5.5 Furnish Information. It shall be a condition precedent to the
obligation of the Company to take any action pursuant to this Article V with
respect to the Registrable Securities of any Selling Holder that such Holder
shall furnish to the Company such information regarding the Holder, the
Registrable Securities held by the Holder, and the intended method of
disposition of such securities as shall be reasonably required by the Company to
effect the registration of such Holder's Registrable Securities.
5.6 Registration Expenses. The Company shall bear and pay all Registration
Expenses incurred in connection with any registration, filing or qualification
of Registrable Securities with respect to registrations pursuant to Section 5.2
for each Holder, but excluding underwriting discounts and commissions relating
to Registrable Securities and excluding any professional fees or costs of
accounting, financial or legal advisors to any of the Holders.

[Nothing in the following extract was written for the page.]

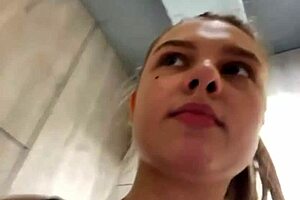 In the crowded public gym, a young bbw with big natural tits cums hard from fingering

5.7 Underwriting Requirements. In connection with any offering involving
an underwriting of shares of the Company's capital stock, the Company shall not
be required under Section 5.2 to include any of the Holders' Registrable
Securities in such underwriting unless they accept the terms of the underwriting
as agreed upon between the Company and the underwriters selected by it (or by
other persons entitled to select the underwriters), and then only in such
quantity as the underwriters determine in their sole discretion will not
jeopardize the success of the offering by the Company. If the total amount of
securities, including Registrable Securities, requested by stockholders to be
included in such offering exceeds the amount of securities sold other than by
the Company that the underwriters determine in their sole discretion is
compatible with the success of the offering, then the Company shall be required
to include in the offering only that number of such securities, including
Registrable Securities, which the underwriters determine in their sole
discretion will not jeopardize the success of the offering (the securities so
included to be apportioned pro rata among the selling stockholders according to
the total amount of securities entitled to be included therein owned by each
selling stockholder or in such other proportions as shall mutually be agreed to
by such selling stockholders). For purposes of the preceding parenthetical
concerning apportionment, for any selling stockholder who is a holder of
Registrable Securities and is a partnership or corporation, the partners,
retired partners and stockholders of such holder, or the estates and family
members of any such partners and retired partners and any trusts for the benefit
13
of any of the foregoing persons shall be deemed to be a single "selling
stockholder," and any pro-rata reduction with respect to such "selling
stockholder" shall be based upon the aggregate amount of shares carrying
registration rights owned by all entities and individuals included in such
"selling stockholder," as defined in this sentence.
5.8 Delay of Registration. No Holder shall have any right to obtain or
seek an injunction restraining or otherwise delaying any such registration as
the result of any controversy that might arise with respect to the
interpretation or implementation of this Article.
5.9 Indemnification. In the event that any Registrable Securities are
included in a registration statement under this Article V:
(a) To the extent permitted by law, the Company will indemnify and
hold harmless each Holder, any underwriter (as defined in the Securities Act)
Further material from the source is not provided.